▼
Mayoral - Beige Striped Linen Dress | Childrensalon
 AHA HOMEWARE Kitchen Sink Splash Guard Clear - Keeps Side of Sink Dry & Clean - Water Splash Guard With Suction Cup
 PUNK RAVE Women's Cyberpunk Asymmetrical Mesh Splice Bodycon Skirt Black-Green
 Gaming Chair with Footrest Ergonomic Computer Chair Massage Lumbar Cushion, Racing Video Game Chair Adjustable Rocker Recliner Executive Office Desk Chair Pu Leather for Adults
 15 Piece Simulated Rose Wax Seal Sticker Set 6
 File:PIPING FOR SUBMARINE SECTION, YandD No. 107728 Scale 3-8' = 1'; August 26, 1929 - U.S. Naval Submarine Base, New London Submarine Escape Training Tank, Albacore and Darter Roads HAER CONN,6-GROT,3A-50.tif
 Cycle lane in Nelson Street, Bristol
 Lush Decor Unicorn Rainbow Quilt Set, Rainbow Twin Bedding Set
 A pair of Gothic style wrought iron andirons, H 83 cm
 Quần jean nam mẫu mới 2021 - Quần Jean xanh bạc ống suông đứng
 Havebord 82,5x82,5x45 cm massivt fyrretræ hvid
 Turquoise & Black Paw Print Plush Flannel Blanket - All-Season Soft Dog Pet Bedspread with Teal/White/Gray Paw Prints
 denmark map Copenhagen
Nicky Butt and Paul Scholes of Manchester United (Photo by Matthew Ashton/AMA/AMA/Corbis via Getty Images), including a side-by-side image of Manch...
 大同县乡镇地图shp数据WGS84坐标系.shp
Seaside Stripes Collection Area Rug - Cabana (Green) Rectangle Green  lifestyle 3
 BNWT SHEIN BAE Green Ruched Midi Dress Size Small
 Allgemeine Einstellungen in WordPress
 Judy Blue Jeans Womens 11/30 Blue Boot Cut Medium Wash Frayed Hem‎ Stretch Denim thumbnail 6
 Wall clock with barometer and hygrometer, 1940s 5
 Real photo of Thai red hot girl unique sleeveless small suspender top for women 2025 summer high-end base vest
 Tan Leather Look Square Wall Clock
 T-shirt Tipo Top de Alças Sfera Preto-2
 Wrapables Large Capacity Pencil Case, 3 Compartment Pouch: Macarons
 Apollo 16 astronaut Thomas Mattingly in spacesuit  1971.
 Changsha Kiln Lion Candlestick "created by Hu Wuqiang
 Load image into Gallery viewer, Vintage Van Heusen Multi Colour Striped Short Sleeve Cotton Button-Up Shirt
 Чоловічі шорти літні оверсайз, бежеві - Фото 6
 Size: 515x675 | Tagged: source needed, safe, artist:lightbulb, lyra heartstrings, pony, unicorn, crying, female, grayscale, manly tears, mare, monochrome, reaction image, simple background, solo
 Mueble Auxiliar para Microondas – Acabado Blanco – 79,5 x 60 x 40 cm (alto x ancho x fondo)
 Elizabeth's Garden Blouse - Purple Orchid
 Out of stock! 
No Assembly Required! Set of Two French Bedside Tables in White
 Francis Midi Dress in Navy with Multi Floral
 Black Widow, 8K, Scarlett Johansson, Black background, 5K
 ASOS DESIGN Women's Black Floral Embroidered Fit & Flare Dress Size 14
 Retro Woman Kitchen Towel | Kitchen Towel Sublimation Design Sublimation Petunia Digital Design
▲
> **Directions for this task**
Go through the lines above and copy any that contain "Green".

> **Your response**
 PUNK RAVE Women's Cyberpunk Asymmetrical Mesh Splice Bodycon Skirt Black-Green
Seaside Stripes Collection Area Rug - Cabana (Green) Rectangle Green  lifestyle 3
 BNWT SHEIN BAE Green Ruched Midi Dress Size Small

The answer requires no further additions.